Why does fread mess with my byte order?

Question

Im trying to parse a bmp file with fread() and when I begin to parse, it reverses the order of my bytes.

typedef struct{
    short magic_number;
    int file_size;
    short reserved_bytes[2];
    int data_offset;
}BMPHeader;
    ...
BMPHeader header;
    ...

The hex data is 42 4D 36 00 03 00 00 00 00 00 36 00 00 00; I am loading the hex data into the struct by fread(&header,14,1,fileIn);

My problem is where the magic number should be 0x424d //'BM' fread() it flips the bytes to be 0x4d42 // 'MB'

Why does fread() do this and how can I fix it;

EDIT: If I wasn't specific enough, I need to read the whole chunk of hex data into the struct not just the magic number. I only picked the magic number as an example.

Answer 1

This is not the fault of fread, but of your CPU, which is (apparently) little-endian. That is, your CPU treats the first byte in a short value as the low 8 bits, rather than (as you seem to have expected) the high 8 bits.

Whenever you read a binary file format, you must explicitly convert from the file format's endianness to the CPU's native endianness.
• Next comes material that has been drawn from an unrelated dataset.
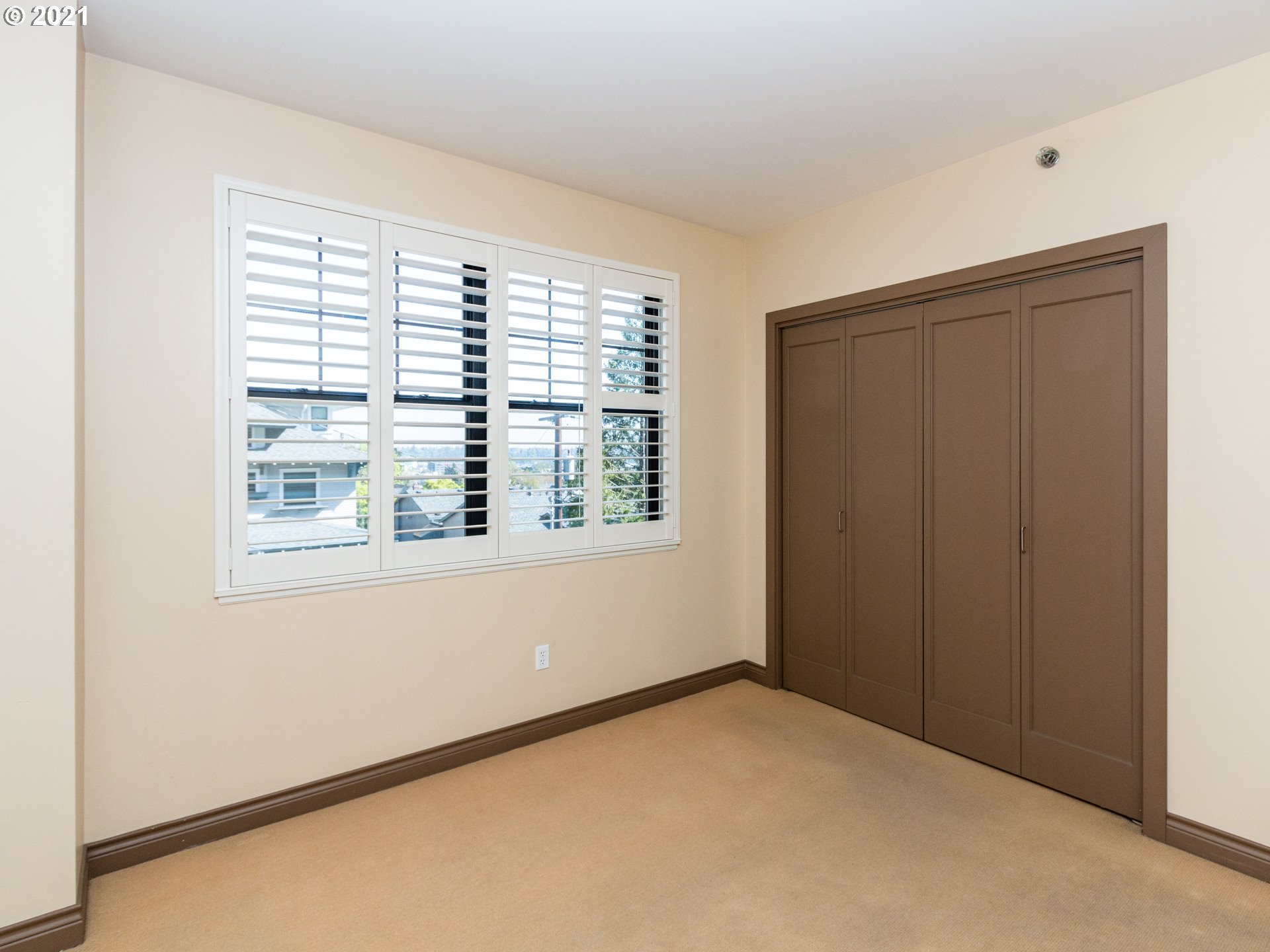 2454 Northwest Westover Road, Unit 5201 Portland, OR 97210 - Photo 10 of 23 Gallery Image 10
You do that with functions like these:

/* CHAR_BIT == 8 assumed */
uint16_t le16_to_cpu(const uint8_t *buf)
{
   return ((uint16_t)buf[0]) | (((uint16_t)buf[1]) << 8);
}
uint16_t be16_to_cpu(const uint8_t *buf)
{
   return ((uint16_t)buf[1]) | (((uint16_t)buf[0]) << 8);
}

You do your fread into an uint8_t buffer of the appropriate size, and then you manually copy all the data bytes over to your BMPHeader struct, converting as necessary. That would look something like this:

/* note adjustments to type definition */
typedef struct BMPHeader
{
    uint8_t magic_number[2];
    uint32_t file_size;
    uint8_t reserved[4];
    uint32_t data_offset;
} BMPHeader;

/* in general this is _not_ equal to sizeof(BMPHeader) */
#define BMP_WIRE_HDR_LEN (2 + 4 + 4 + 4)

/* returns 0=success, -1=error */
int read_bmp_header(BMPHeader *hdr, FILE *fp)
{
    uint8_t buf[BMP_WIRE_HDR_LEN];

    if (fread(buf, 1, sizeof buf, fp) != sizeof buf)
        return -1;

    hdr->magic_number[0] = buf[0];
    hdr->magic_number[1] = buf[1];

    hdr->file_size = le32_to_cpu(buf+2);

    hdr->reserved[0] = buf[6];
    hdr->reserved[1] = buf[7];
    hdr->reserved[2] = buf[8];
    hdr->reserved[3] = buf[9];

    hdr->data_offset = le32_to_cpu(buf+10);

    return 0;
}

You do not assume that the CPU's endianness is the same as the file format's even if you know for a fact that right now they are the same; you write the conversions anyway, so that in the future your code will work without modification on a CPU with the opposite endianness.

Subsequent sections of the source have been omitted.